#### Recorded information
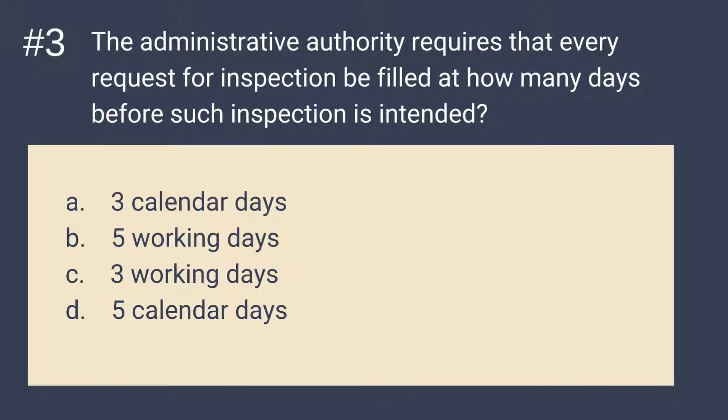Question 3: The administrative authority requires that every request for inspection be filed at how many days before such inspection is intended? A. Three calendar days. B. Five working days. The answer is C — three working days. The administrative authority requires that every request for inspection be filed three working days before such inspection is intended.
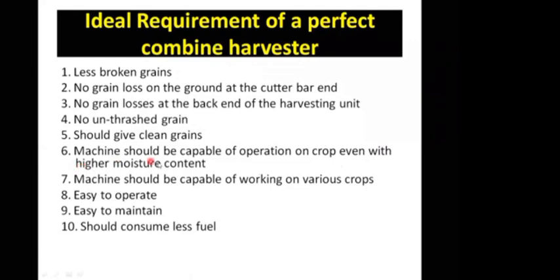Fifth, the machine should be capable of operation on crops even with higher moisture content. Sometimes what happens when the crop has higher soil moisture — some crops cannot be harvested in September due to rains and natural disasters, so moisture remains high. If you have to harvest it, the machine should be capable of handling higher moisture content in the field.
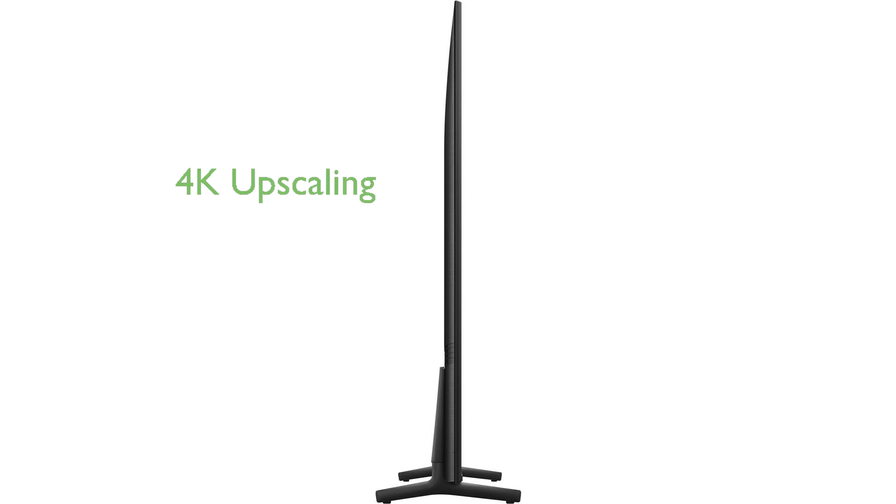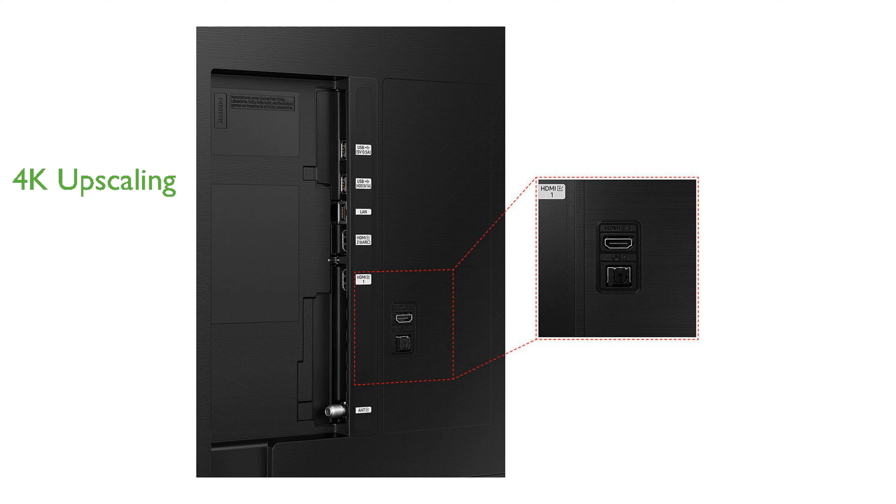The Quantum Processor 4K Lite ensures that all your content is upscaled to 4K resolution, offering exceptional clarity and detail.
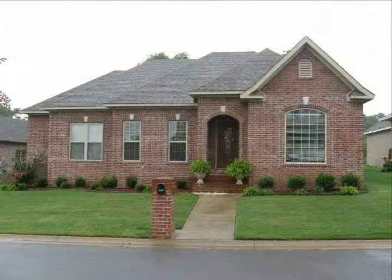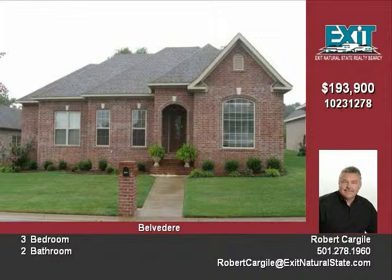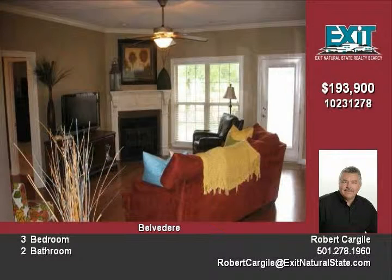This extremely clean and neat 3 bedroom 2 bath home won't last long. From the minute you step into the house with its beautiful hardwood floors and crown molding, you're ready to move in.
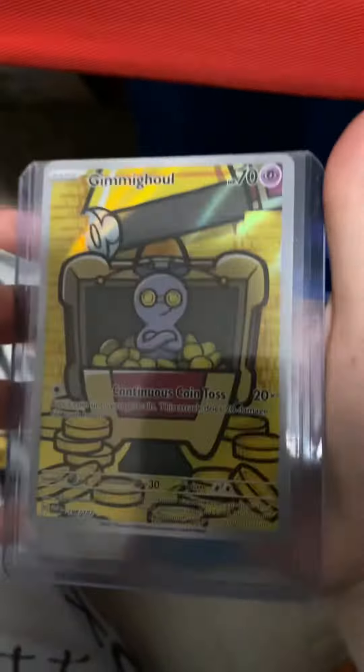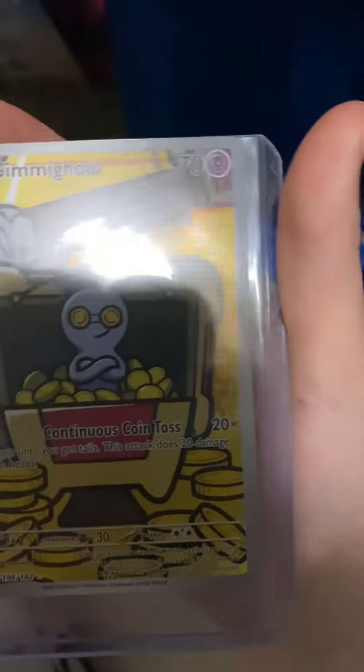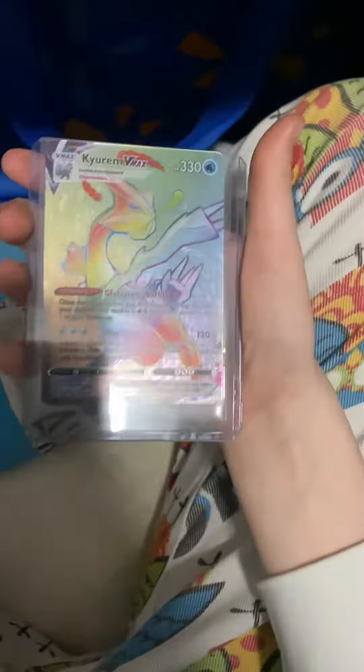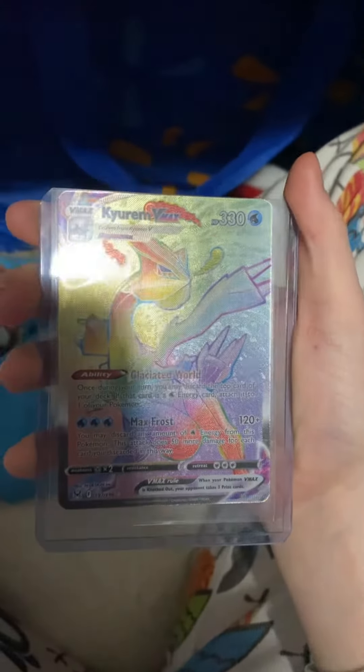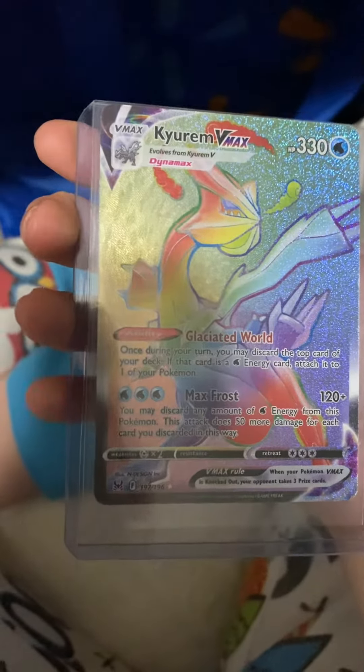I also got the Alolan Vulpix V, which is fairly good. But by far the two favorites are this Gengar Ghoul — I think it's a secret rare, alternate art, and it just looks really clean — and then I have a beautiful Kiram V-Max Rainbow.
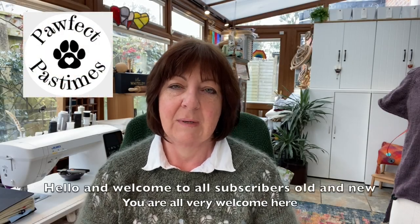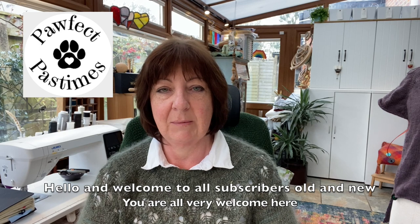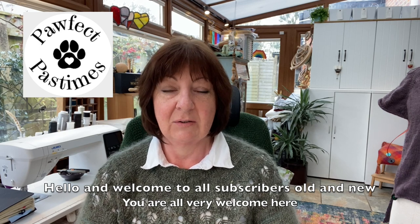Hello and welcome to my channel, Poorfic Pastimes. My name's Amanda, my friends call me Ammo. I live in the south of England in Dorset with my husband and my three dogs. And yes, as usual, Willow is under my desk and making strange noises. Today is the 31st of March and if you celebrate Easter, happy Easter. If you don't, happy bank holiday weekend in the UK.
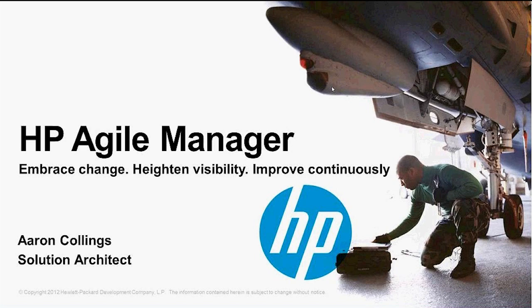Hey, my name is Aaron Collings. I'm a solution architect with Hewlett Packard and we're going to show Agile Manager today.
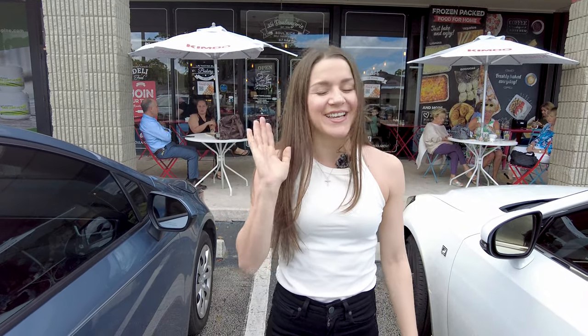Hey guys, and welcome back to our channel. We are in the beautiful Aventura, Florida, and today we are taking you to a unique French bakery — but not just any French bakery. This has a Latin twist. This restaurant was inspired by the Latin Quarter in Paris, which is really cool. I didn't even know there was a Latin Quarter in Paris. And this restaurant has been in operation for over 20 years. This place is called La Boulangerie Boulmiche, and I am looking forward to showing you what it's all about.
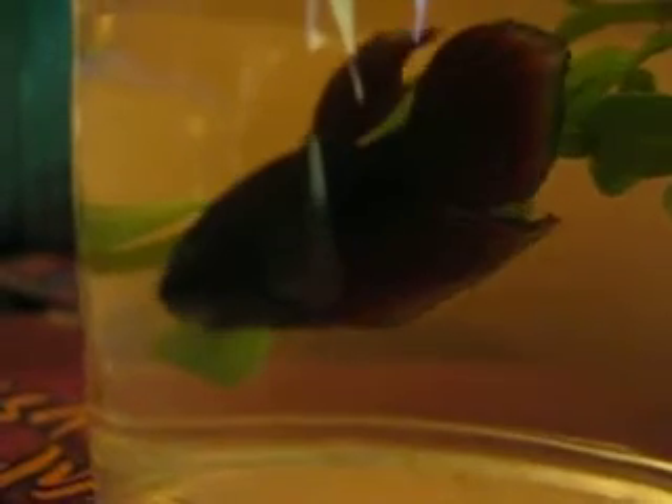We'll go show you one of our fish that has already displayed some aggressiveness, put in a little bowl with some plants. This guy here is a little bit of a go-getter.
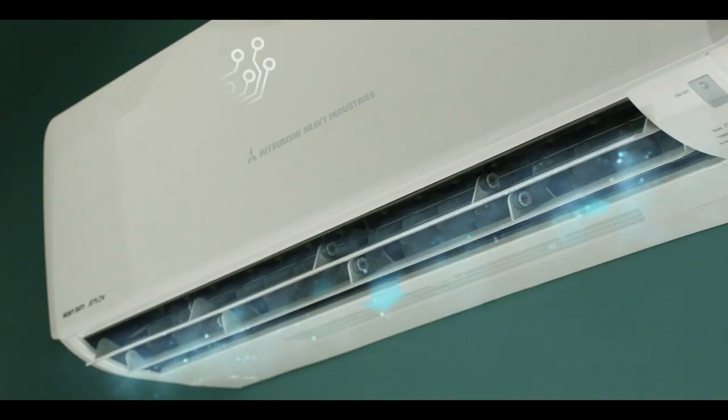India's first heavy duty hybrid AC. Mitsubishi Heavy Duty AC with long reach airflow and 3D cooling. Mitsubishi Heavy Duty. Live life, heavy duty.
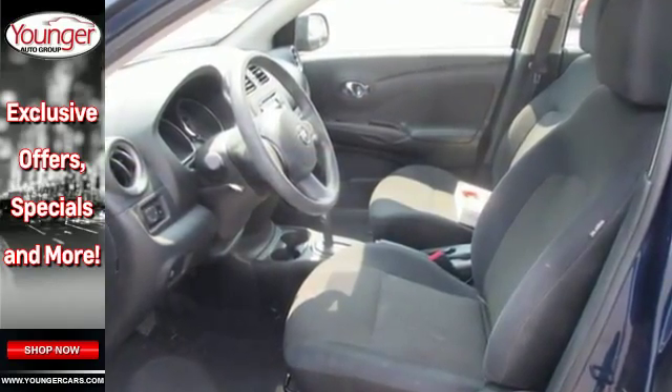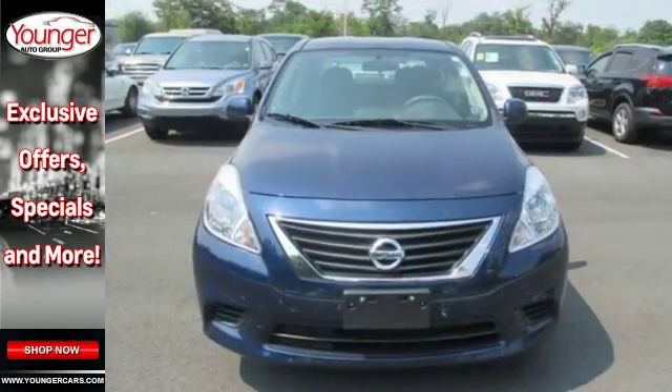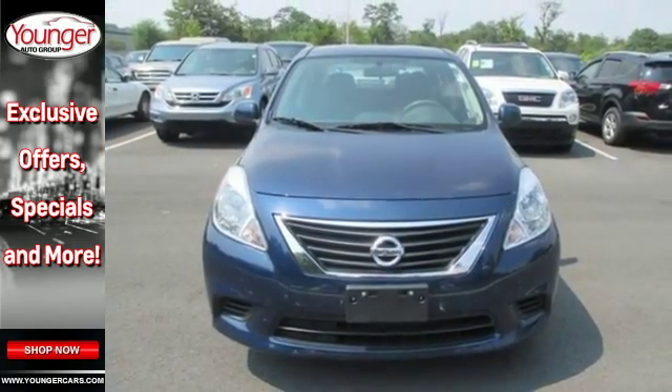You'll be very comfortable thanks to the tilt steering wheel and air conditioning. This capable and reliable Versa is ready for your test drive.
########
Your reply should give again exactly the lines from the one with "India's first heavy" through the last line of the data, with both ends included and pictures left out.

India's first heavy duty hybrid AC. Mitsubishi Heavy Duty AC with long reach airflow and 3D cooling. Mitsubishi Heavy Duty. Live life, heavy duty.
You'll be very comfortable thanks to the tilt steering wheel and air conditioning. This capable and reliable Versa is ready for your test drive.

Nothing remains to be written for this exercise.